Leave out the pictures and retype, exactly, the lines below from the line with "Sam is the program" up to and including the line with "In addition to", nothing more.

++++ LISTED RECORDS

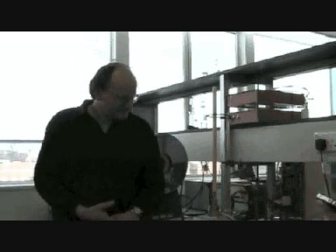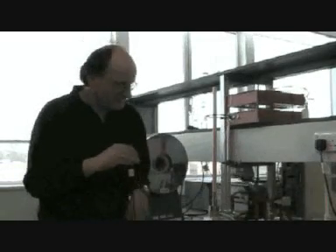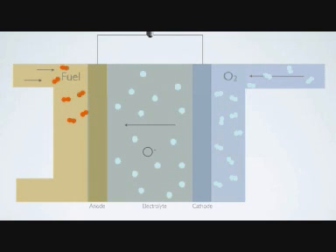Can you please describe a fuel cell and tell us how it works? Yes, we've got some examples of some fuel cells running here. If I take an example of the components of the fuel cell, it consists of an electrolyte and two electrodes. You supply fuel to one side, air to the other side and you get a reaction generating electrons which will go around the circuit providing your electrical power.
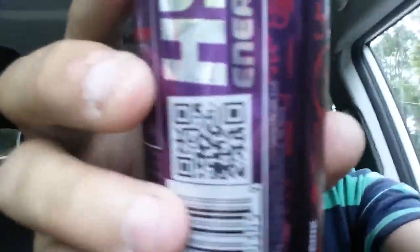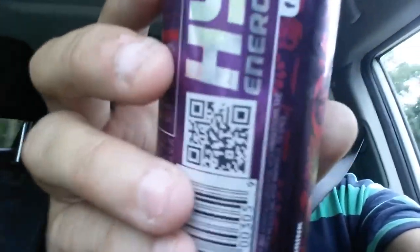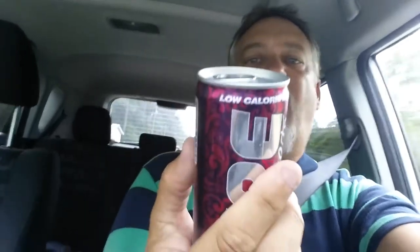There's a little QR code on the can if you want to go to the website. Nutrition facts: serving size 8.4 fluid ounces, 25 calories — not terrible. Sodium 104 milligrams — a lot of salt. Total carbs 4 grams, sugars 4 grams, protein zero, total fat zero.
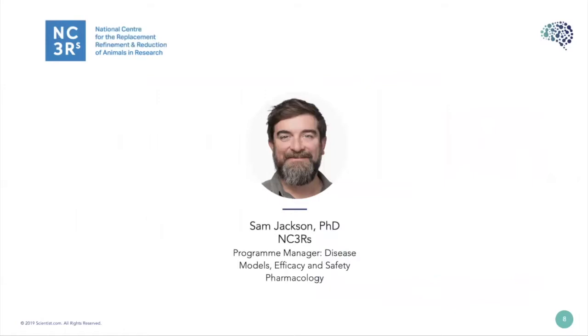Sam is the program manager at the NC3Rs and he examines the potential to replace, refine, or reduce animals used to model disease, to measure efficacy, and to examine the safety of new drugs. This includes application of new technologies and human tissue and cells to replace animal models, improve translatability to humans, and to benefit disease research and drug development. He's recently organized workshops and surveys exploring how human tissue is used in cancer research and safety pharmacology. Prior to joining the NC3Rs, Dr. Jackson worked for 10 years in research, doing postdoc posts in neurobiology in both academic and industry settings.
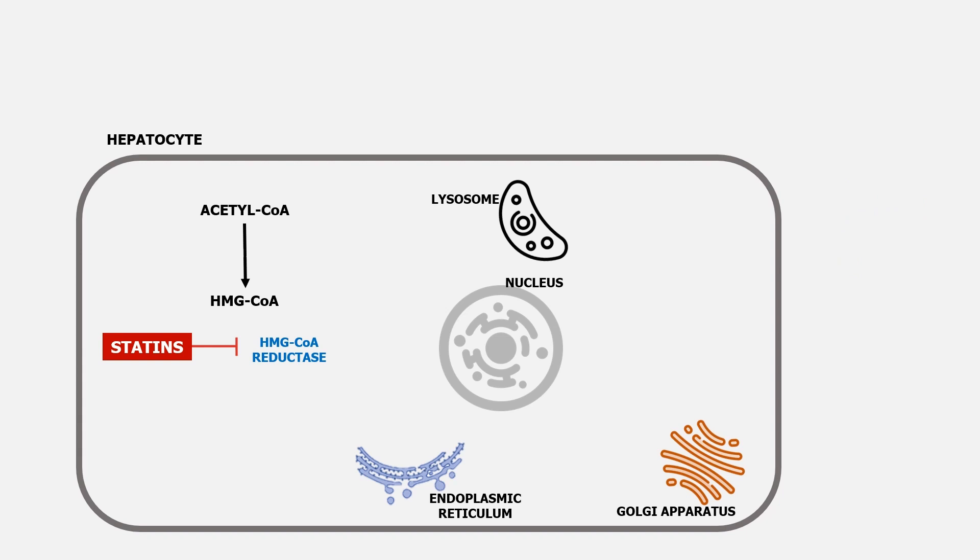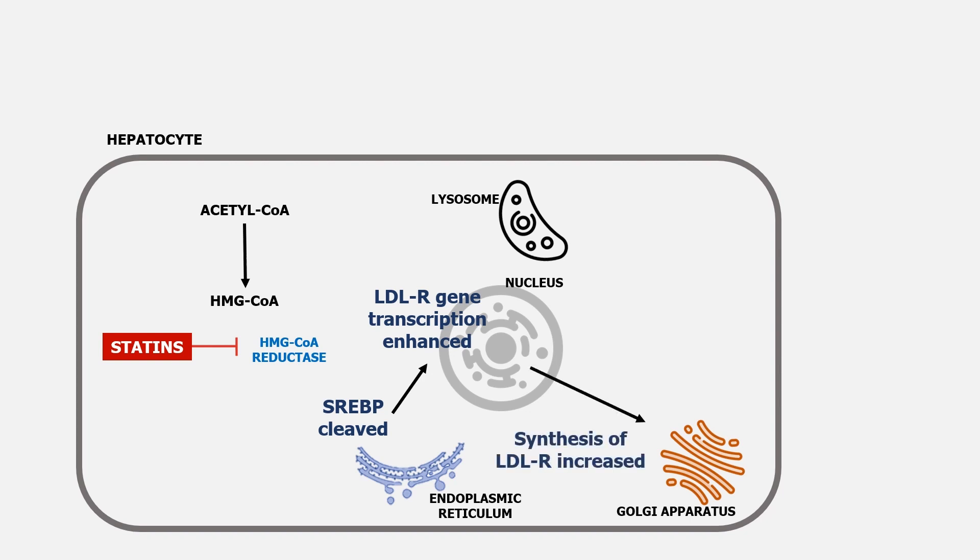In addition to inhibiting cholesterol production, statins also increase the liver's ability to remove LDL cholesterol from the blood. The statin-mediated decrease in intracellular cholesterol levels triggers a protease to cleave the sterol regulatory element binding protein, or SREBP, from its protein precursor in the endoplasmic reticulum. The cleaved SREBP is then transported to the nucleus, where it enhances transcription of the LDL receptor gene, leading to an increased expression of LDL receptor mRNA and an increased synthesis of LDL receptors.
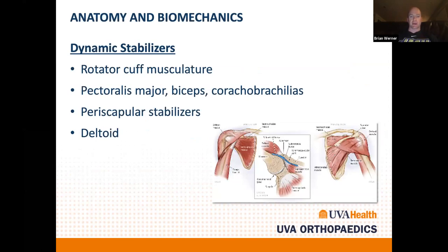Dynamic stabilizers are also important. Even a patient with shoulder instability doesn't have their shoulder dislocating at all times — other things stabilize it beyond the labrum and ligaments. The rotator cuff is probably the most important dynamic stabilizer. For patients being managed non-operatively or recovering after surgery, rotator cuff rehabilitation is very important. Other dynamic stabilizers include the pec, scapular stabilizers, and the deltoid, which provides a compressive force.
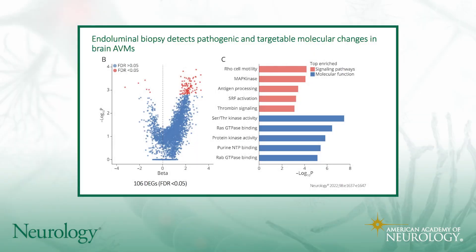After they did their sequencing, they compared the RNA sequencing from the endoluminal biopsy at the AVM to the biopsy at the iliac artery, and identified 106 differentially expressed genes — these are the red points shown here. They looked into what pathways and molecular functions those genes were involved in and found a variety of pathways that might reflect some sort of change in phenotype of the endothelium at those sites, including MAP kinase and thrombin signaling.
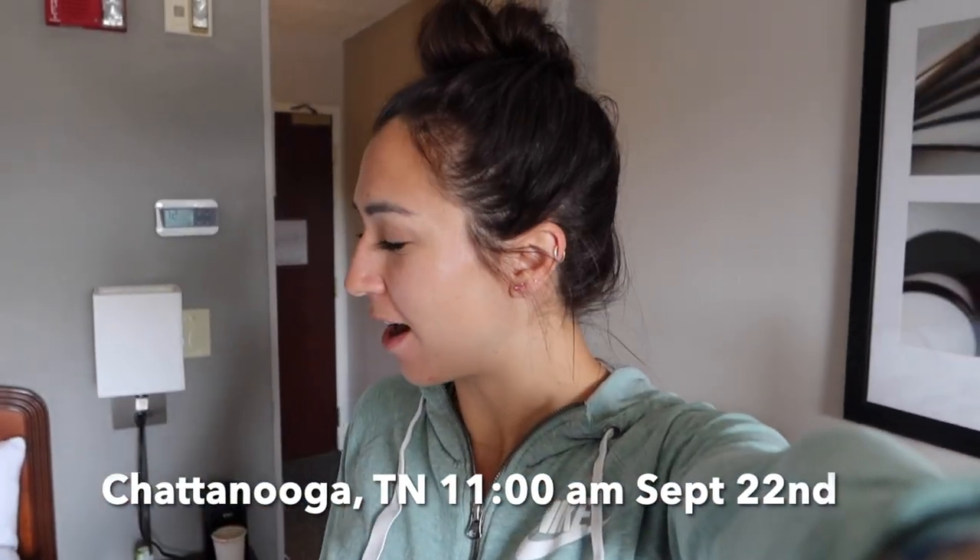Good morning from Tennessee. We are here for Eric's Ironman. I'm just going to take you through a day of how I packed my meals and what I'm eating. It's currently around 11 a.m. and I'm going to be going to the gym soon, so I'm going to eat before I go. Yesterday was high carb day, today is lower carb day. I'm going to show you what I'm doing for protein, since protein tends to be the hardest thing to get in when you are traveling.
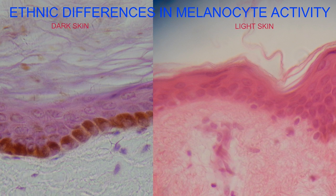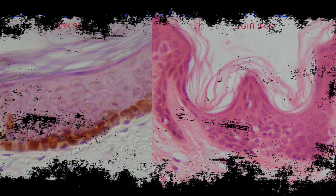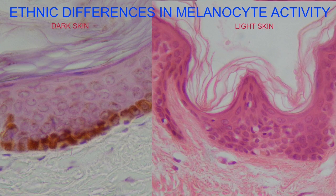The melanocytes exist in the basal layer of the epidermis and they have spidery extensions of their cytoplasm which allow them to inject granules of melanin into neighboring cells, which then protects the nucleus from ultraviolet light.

++++++++

*ANSWER SECTION*:
Sam is the program manager at the NC3Rs and he examines the potential to replace, refine, or reduce animals used to model disease, to measure efficacy, and to examine the safety of new drugs. This includes application of new technologies and human tissue and cells to replace animal models, improve translatability to humans, and to benefit disease research and drug development. He's recently organized workshops and surveys exploring how human tissue is used in cancer research and safety pharmacology. Prior to joining the NC3Rs, Dr. Jackson worked for 10 years in research, doing postdoc posts in neurobiology in both academic and industry settings.
In addition to inhibiting cholesterol production, statins also increase the liver's ability to remove LDL cholesterol from the blood. The statin-mediated decrease in intracellular cholesterol levels triggers a protease to cleave the sterol regulatory element binding protein, or SREBP, from its protein precursor in the endoplasmic reticulum. The cleaved SREBP is then transported to the nucleus, where it enhances transcription of the LDL receptor gene, leading to an increased expression of LDL receptor mRNA and an increased synthesis of LDL receptors.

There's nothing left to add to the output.